TASK OBJECTIVE =
Beneath this task are records; print exactly the stretch of them from the line with "Ferienwohnung Acacia Agritrismo" through the line with "FUNTASTY jellies variety", both ends included.

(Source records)
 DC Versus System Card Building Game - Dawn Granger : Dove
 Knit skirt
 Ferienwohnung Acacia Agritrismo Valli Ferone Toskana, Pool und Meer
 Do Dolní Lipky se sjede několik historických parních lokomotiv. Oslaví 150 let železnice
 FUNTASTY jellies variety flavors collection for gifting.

==

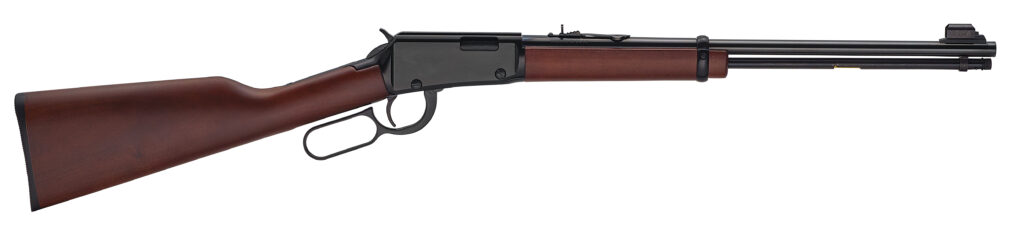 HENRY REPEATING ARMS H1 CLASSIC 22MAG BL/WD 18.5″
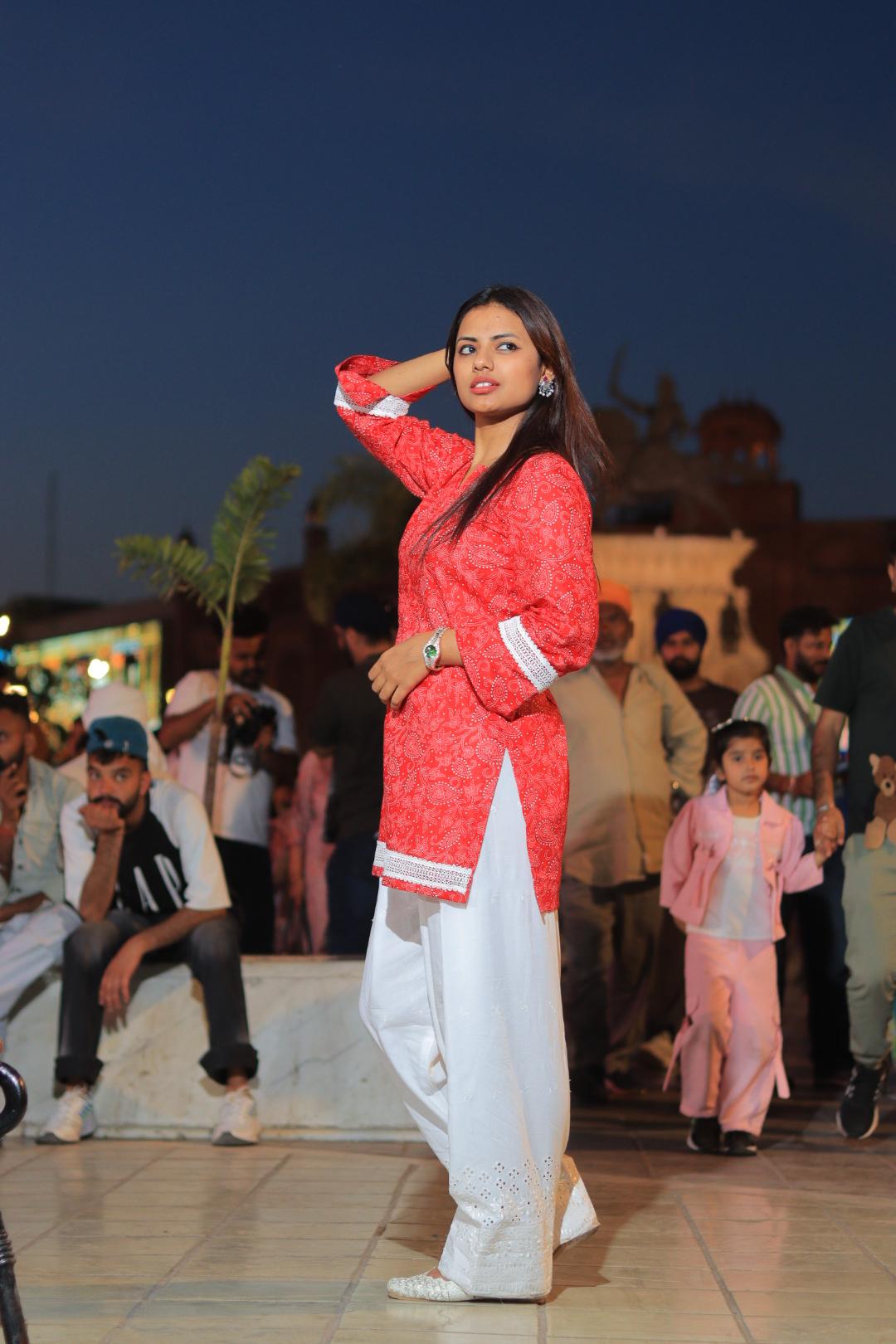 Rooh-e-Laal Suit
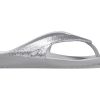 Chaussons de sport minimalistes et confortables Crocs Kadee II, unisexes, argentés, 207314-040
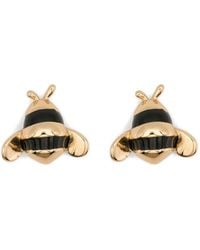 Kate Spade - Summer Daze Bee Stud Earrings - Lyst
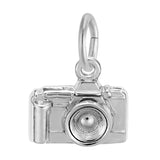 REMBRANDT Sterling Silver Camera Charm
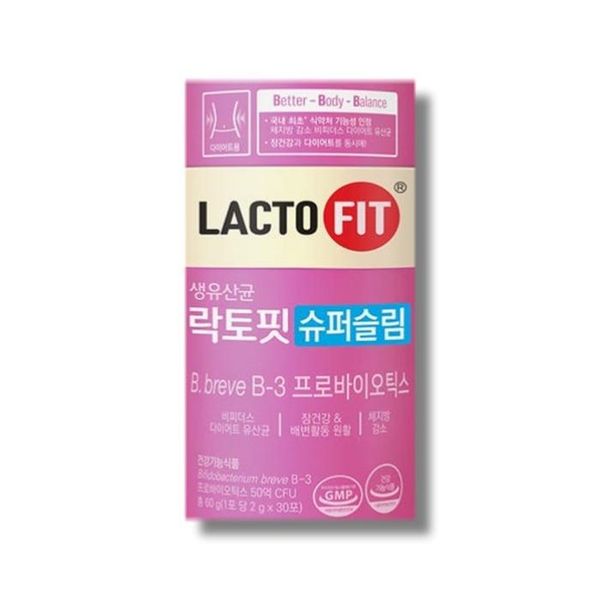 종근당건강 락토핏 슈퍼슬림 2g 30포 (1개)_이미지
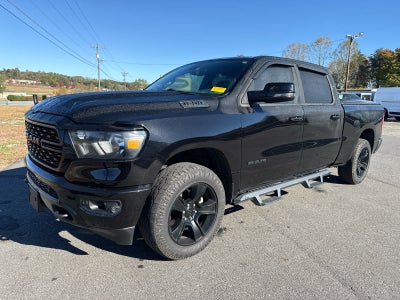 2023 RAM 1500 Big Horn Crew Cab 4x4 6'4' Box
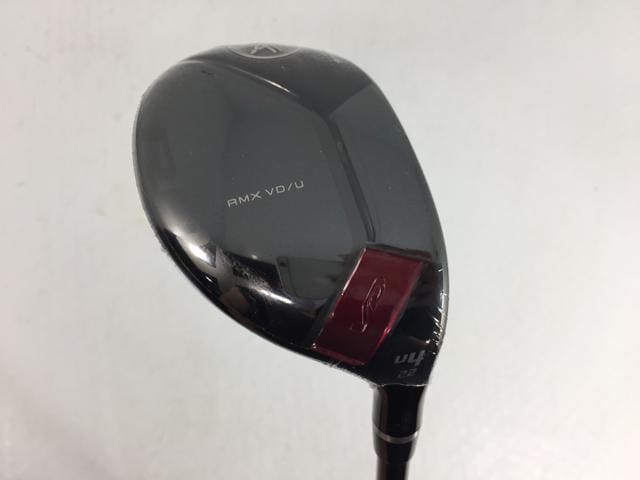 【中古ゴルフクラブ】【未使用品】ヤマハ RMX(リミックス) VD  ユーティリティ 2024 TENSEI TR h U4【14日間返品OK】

WRITTEN ANSWER =
 Ferienwohnung Acacia Agritrismo Valli Ferone Toskana, Pool und Meer
 Do Dolní Lipky se sjede několik historických parních lokomotiv. Oslaví 150 let železnice
 FUNTASTY jellies variety flavors collection for gifting.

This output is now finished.